🚀 ContentGen-RAG-System

Advanced AI Pipeline for Automated Textbook Content Generation

A robust multi-agent system powered by Knowledge Graphs and Hybrid RAG to transform raw PDFs into high-quality, exam-aligned educational chapters.

Key Features • Technical Architecture • Workflow • Tech Stack • Getting Started

🎯 Project Overview

ContentGen-RAG-System is a state-of-the-art AI pipeline designed to automate the creation of comprehensive study materials.
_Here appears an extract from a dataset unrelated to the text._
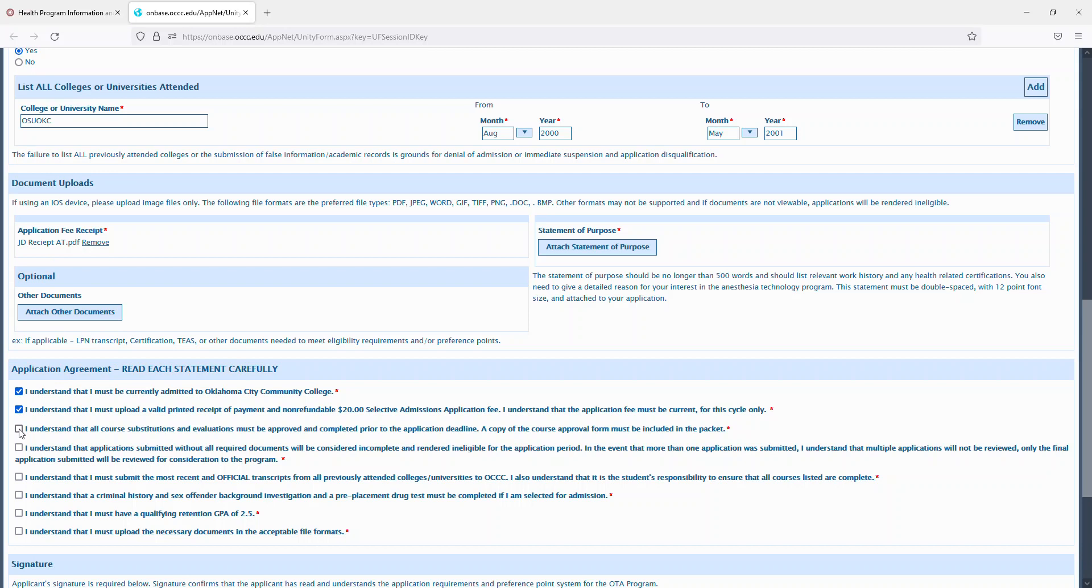A copy of the course approval form must be included in the packet. Understand that applications submitted without all required documents will be considered incomplete and rendered ineligible.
By leveraging Retrieval-Augmented Generation (RAG) and specialized AI agents, the system parses complex textbook PDFs (including equations, diagrams, and tables) and generates publication-quality Markdown chapters tailored for competitive exams like JEE, NEET, and Board Exams.

✨ Key Capabilities

Feature	Description
Intelligent PDF Ingestion	Deep parsing of scientific PDFs using MinerU to capture text, LaTeX equations, and layout structure.
Knowledge Graph Integration	Building semantic relationships between concepts using LightRAG for high-accuracy retrieval.
Multi-Agent Orchestration	A team of 5 specialized CrewAI agents (Researcher, Indexer, Writer, Enhancer, Formatter) collaborating sequentially.
Hybrid Retrieval	Combining dense vector search (FAISS/ChromaDB) with BM25 keyword matching for superior context discovery.
Multimodal Understanding	Processing and contextualizing figures and tables alongside textual data.

🏗 Technical Architecture

The system is built on a modular architecture that separates document ingestion from content generation, ensuring scalability and precision.

graph TD
    A[Raw Textbook PDFs] --> B[MinerU Parser]
    B --> C[Multimodal Processing]
    C --> D[LightRAG Knowledge Graph]
    D --> E[Hybrid Vector Storage]
    E --> F[CrewAI Multi-Agent Pipeline]
    F --> G[Final Markdown Chapters]
    
    subgraph "Agents Layer"
    F1[Research Agent] --> F2[Content Indexer]
    F2 --> F3[Content Generator]
    F3 --> F4[RAG Enhancer]
    F4 --> F5[Markdown Formatter]
    end

System Components

Ingestion Layer: Utilizes MinerU for high-fidelity extraction of complex academic content.
Knowledge Layer: Implements LightRAG to maintain a graph-based understanding of physics entities and relationships.
Orchestration Layer: Uses CrewAI to manage sequential workflows where each agent refines the output of the previous one.
Output Layer: Produces detailed Markdown files (50–180 KB) with full LaTeX support and structured sectioning.

🔄 How It Works

Phase 1: Knowledge Base Construction

Parsing: Documents are broken down into semantically meaningful chunks.
Indexing: Entities and relations are extracted to build a Knowledge Graph.
Embedding: Chunks are stored in vector databases (FAISS/ChromaDB) for semantic retrieval.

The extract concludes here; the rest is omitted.